Saturday, January 23, 2010
The Writing Life: Simmered or Sauteed?
I have some very good news! I started off the new year pledging to spend quality time on my second novel, and so far I’ve been keeping my resolution. It feels so good. Of course, some things had to give and one of the major things was my blogging and Internet time, so that’s why you haven’t seen me around for a while. I sensed that Blogland took the same energy I use for my writing, and if my renewed productivity is any indication, I think I was right on target.
But my plan is not to disappear completely. I’m going to take a page from fellow erotica writer Craig Sorensen and post a short, but hopefully thought-provoking blog once a week(end). To keep focused, I’m generally going to be talking about my writing process and what’s different about writing a second novel. Since almost everyone wants to write a novel (a screenplay is rather like a novel), whether first, second, or whatever, I’m hoping my confessions will be of interest to you no matter where you are in your own process! If you have comments or words of advice, please feel free to share your wisdom. I need it!
This week I’ll start with a very simple observation about how I seem to create new work. You may have been wondering about the purpose of the cookie pictures. No, it’s not just food porn, although that always has its charms, but I was thinking I could use the photos from the travelblog I probably won’t finish to illustrate my point.

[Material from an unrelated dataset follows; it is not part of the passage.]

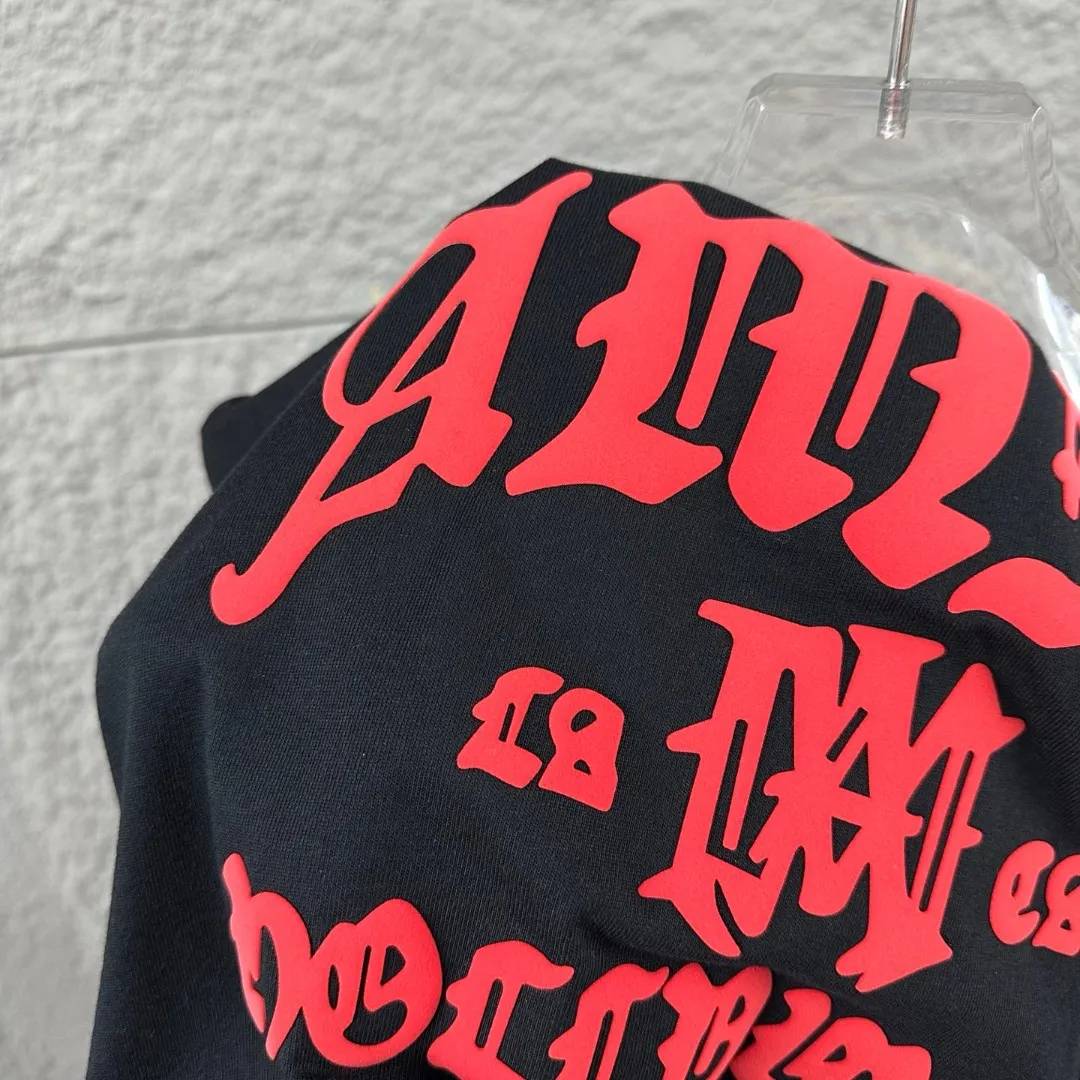 Amiri*Emile 2026 Early Spring and Summer New Arrival Customized plain cotton double yarn fabric Short-sleeved T-shirt Classic letter three-dimensional flocking technology Men and women Same Style Color: Black White Size: S (90-130 pounds) M (120-150 pounds) L (140-165 pounds) XL (160-180 pounds) XXL (180 pounds)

On the way out of Amish Country, we stopped at the Springerle House in Strasburg for some edible souvenirs. I had to buy three different flavors of the beautiful springerle specialties, of course, but they also had “regular” cookies, including cranberry white chocolate drop cookies (top left in photo). My family split each cookie four ways when we reached our hotel right off the Mall in Washington.
The results were surprising. The vanilla, lemon and orange-flavored springerle—these three "renegade" varieties had called to me most from the bakery case--were bland with a sandy texture (and not in a good way). The best of the lot was the anise, the traditional flavor, which I assumed my kids would hate. But the moist-sand texture worked well with the spark of licorice, and as my son said, “Springerle were meant to be like this. You can tell.”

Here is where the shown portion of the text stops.